La paupérisation délibérée des services publics, l’individualisme forcené par lequel on redéfinit ce que seraient le mérite et la responsabilité, l’insistance avec laquelle on nous oppose qu’il faudrait
"sortir de l’assistanat" dès que l’on parle de bien commun et de cohésion sociale… Tout ça ne peut que concourir à banaliser le "Démerdez-vous" et le "Je fais ce que je veux", qui sont les deux pendants d’une même idéologie. Je ne m’y résous pas, parce que j’ai le défaut de penser que des structures collectives saines sont de précieux garde-fous, mais comment ne pas voir que l’argument ultra-simpliste du
"Chacun est libre de se faire vacciner ou non", d’autant plus quand il est tenu de façon naïve mais bienveillante par des non-militants qui réagissent spontanément à la situation, procède d’une façon de raisonner à l’échelle strictement individuelle ? Mais c’est ce que produisent nos sociétés : de l’individualisme, y compris dans sa version Bisounours. J’ai même tendance à me dire que c’en est la version la plus répandue.
La campagne soi-disant absolument nécessaire de vaccination massive n’a d’ailleurs pas été promue autrement: débrouillez-vous sur Doctolib – une plateforme privée – et soyez responsables, à vos frais et au gré des disparités qui verront certains obtenir des créneaux disponibles sans suer une goutte, quand d’autres devront composer avec leur propre incompétence et les manquements de territoires laissés à l’abandon.
D’ailleurs, c’est drôle, quand je lis ça :
Rhyvia a écrit:Le télétravail laisse trop de place à l'émancipation, retournez à votre bureau pour qu'un débile à cravate vous ordonne de faire un travail qu'il n'a jamais fait et ne fera jamais.
… Bah moi, je vois surtout un "transfert de charges" où il faut posséder soi-même le matériel informatique nécessaire, a minima, sinon des outils de travail plus spécifiques encore.

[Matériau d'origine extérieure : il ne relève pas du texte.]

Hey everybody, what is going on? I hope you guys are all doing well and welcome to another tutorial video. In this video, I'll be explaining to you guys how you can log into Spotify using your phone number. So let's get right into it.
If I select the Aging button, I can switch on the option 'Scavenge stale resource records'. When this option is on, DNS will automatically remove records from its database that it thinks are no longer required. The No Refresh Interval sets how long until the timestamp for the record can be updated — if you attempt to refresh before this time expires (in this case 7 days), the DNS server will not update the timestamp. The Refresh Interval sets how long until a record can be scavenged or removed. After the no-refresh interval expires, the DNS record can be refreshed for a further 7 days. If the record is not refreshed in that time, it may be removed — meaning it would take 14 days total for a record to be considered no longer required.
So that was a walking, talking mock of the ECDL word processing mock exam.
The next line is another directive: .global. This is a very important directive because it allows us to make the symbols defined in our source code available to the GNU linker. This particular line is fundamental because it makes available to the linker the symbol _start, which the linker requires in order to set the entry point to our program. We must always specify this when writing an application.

Il y a tout une frange du patronat pour qui le télétravail c’est effectivement "l’émancipation" parce que bon, tu imagines les économies si on s’épargne le financement d’une photocopieuse, de postes informatiques, d’un réfectoire commun etc. ? Et plus encore, quand on s'évite de payer des locaux quand le m² à Paris s’évalue autour de 10 000 euros ?
Au passage, le télétravail s’envisage principalement dans un univers professionnel largement tertiarisé, chose qui s’est développée en France au prix d’une désindustrialisation quasi-assassine.

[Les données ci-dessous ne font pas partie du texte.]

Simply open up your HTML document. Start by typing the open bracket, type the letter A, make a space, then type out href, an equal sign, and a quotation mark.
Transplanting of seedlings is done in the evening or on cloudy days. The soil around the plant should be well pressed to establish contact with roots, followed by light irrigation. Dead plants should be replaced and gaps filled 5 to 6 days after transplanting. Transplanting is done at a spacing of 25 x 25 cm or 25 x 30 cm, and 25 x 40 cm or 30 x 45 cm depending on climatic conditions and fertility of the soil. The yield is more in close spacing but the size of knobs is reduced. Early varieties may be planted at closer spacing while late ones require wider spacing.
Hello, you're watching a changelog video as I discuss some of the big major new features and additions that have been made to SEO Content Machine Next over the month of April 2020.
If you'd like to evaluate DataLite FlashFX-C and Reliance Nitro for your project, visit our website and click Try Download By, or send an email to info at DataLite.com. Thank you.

Je conçois que chacun ait sa propre appréciation de la chose, mais je n’ai pas l’impression que le télétravail libère de l’aliénation au travail : au contraire, il l’importe chez toi, et à tes frais. Moi je l’ai vécu comme une intrusion d’autant moins confortable qu’avec deux enfants de 2 et 4 ans "confinés", il a fallu cravacher encore plus. Et surtout – je le répète – il a fallu que je me démerde pour m’aménager un semblant de bureau fonctionnel, restant à la merci de la moindre panne et plus ou moins contraint d’installer Zoom sur l’ordi familial.
Expérience très pénible pour ce qui me concerne, donc. Pas que je sois quelqu’un de particulièrement zélé (si j’avais le choix, je passerais mon temps à autre chose, crois-moi), mais tant qu’à être contraint de bosser pour le Dieu PIB, je préfère que ce soit au bureau.